EXERCISE GOAL:
Beginning with the line that contains "Christina piercing TITAN, hvězdička" in the material below, print each line exactly until the line that contains "Door Handles on" has been printed, then stop.

RECORDS FOR THE EXERCISE:

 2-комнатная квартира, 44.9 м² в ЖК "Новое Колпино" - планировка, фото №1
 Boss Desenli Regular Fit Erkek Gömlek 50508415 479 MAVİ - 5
* * *
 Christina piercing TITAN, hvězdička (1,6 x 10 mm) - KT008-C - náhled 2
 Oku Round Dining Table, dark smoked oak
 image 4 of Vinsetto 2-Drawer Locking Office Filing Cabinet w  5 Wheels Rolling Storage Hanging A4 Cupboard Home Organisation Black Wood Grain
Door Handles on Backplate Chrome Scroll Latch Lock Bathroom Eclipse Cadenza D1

EXPECTED OUTPUT:
 Christina piercing TITAN, hvězdička (1,6 x 10 mm) - KT008-C - náhled 2
 Oku Round Dining Table, dark smoked oak
 image 4 of Vinsetto 2-Drawer Locking Office Filing Cabinet w  5 Wheels Rolling Storage Hanging A4 Cupboard Home Organisation Black Wood Grain
Door Handles on Backplate Chrome Scroll Latch Lock Bathroom Eclipse Cadenza D1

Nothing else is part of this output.